*Task details*. Write out all of the lines below, exactly and completely.
*** Exercise input ***
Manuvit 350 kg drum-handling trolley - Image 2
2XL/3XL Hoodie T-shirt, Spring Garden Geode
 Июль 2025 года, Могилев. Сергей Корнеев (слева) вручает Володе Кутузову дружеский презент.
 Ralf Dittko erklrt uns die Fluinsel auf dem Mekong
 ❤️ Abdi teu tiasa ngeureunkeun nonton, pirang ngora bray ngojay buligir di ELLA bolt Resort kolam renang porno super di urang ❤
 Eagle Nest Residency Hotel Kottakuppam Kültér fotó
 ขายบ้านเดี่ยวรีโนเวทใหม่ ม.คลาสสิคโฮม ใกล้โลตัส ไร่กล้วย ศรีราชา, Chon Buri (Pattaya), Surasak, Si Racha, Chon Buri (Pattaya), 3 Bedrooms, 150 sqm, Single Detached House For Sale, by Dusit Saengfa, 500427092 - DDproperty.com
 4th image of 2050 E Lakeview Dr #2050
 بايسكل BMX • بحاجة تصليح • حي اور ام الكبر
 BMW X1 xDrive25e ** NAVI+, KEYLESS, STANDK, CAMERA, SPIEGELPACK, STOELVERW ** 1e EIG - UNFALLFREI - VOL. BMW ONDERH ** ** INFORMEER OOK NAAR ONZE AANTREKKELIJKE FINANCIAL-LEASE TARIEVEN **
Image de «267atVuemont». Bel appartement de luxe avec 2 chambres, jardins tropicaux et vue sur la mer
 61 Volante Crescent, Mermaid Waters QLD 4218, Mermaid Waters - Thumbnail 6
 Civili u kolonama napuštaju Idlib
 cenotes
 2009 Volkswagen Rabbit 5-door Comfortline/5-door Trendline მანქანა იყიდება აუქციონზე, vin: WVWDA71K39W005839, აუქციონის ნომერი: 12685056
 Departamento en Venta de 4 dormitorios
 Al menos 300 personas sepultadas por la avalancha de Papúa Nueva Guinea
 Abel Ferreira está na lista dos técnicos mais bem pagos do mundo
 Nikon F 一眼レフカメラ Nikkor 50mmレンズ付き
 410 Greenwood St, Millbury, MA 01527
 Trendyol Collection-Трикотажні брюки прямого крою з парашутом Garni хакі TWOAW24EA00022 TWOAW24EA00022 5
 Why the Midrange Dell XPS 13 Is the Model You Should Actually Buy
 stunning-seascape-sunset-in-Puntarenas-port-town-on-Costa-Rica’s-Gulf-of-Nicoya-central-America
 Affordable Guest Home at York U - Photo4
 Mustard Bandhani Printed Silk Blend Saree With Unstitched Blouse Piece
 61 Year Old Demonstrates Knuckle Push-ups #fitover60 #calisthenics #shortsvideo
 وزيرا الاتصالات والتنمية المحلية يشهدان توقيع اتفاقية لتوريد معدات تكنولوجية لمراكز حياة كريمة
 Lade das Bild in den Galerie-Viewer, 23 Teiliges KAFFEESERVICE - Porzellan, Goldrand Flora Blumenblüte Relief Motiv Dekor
***
*Result for this task*.
Manuvit 350 kg drum-handling trolley - Image 2
2XL/3XL Hoodie T-shirt, Spring Garden Geode
 Июль 2025 года, Могилев. Сергей Корнеев (слева) вручает Володе Кутузову дружеский презент.
 Ralf Dittko erklrt uns die Fluinsel auf dem Mekong
 ❤️ Abdi teu tiasa ngeureunkeun nonton, pirang ngora bray ngojay buligir di ELLA bolt Resort kolam renang porno super di urang ❤
 Eagle Nest Residency Hotel Kottakuppam Kültér fotó
 ขายบ้านเดี่ยวรีโนเวทใหม่ ม.คลาสสิคโฮม ใกล้โลตัส ไร่กล้วย ศรีราชา, Chon Buri (Pattaya), Surasak, Si Racha, Chon Buri (Pattaya), 3 Bedrooms, 150 sqm, Single Detached House For Sale, by Dusit Saengfa, 500427092 - DDproperty.com
 4th image of 2050 E Lakeview Dr #2050
 بايسكل BMX • بحاجة تصليح • حي اور ام الكبر
 BMW X1 xDrive25e ** NAVI+, KEYLESS, STANDK, CAMERA, SPIEGELPACK, STOELVERW ** 1e EIG - UNFALLFREI - VOL. BMW ONDERH ** ** INFORMEER OOK NAAR ONZE AANTREKKELIJKE FINANCIAL-LEASE TARIEVEN **
Image de «267atVuemont». Bel appartement de luxe avec 2 chambres, jardins tropicaux et vue sur la mer
 61 Volante Crescent, Mermaid Waters QLD 4218, Mermaid Waters - Thumbnail 6
 Civili u kolonama napuštaju Idlib
 cenotes
 2009 Volkswagen Rabbit 5-door Comfortline/5-door Trendline მანქანა იყიდება აუქციონზე, vin: WVWDA71K39W005839, აუქციონის ნომერი: 12685056
 Departamento en Venta de 4 dormitorios
 Al menos 300 personas sepultadas por la avalancha de Papúa Nueva Guinea
 Abel Ferreira está na lista dos técnicos mais bem pagos do mundo
 Nikon F 一眼レフカメラ Nikkor 50mmレンズ付き
 410 Greenwood St, Millbury, MA 01527
 Trendyol Collection-Трикотажні брюки прямого крою з парашутом Garni хакі TWOAW24EA00022 TWOAW24EA00022 5
 Why the Midrange Dell XPS 13 Is the Model You Should Actually Buy
 stunning-seascape-sunset-in-Puntarenas-port-town-on-Costa-Rica’s-Gulf-of-Nicoya-central-America
 Affordable Guest Home at York U - Photo4
 Mustard Bandhani Printed Silk Blend Saree With Unstitched Blouse Piece
 61 Year Old Demonstrates Knuckle Push-ups #fitover60 #calisthenics #shortsvideo
 وزيرا الاتصالات والتنمية المحلية يشهدان توقيع اتفاقية لتوريد معدات تكنولوجية لمراكز حياة كريمة
 Lade das Bild in den Galerie-Viewer, 23 Teiliges KAFFEESERVICE - Porzellan, Goldrand Flora Blumenblüte Relief Motiv Dekor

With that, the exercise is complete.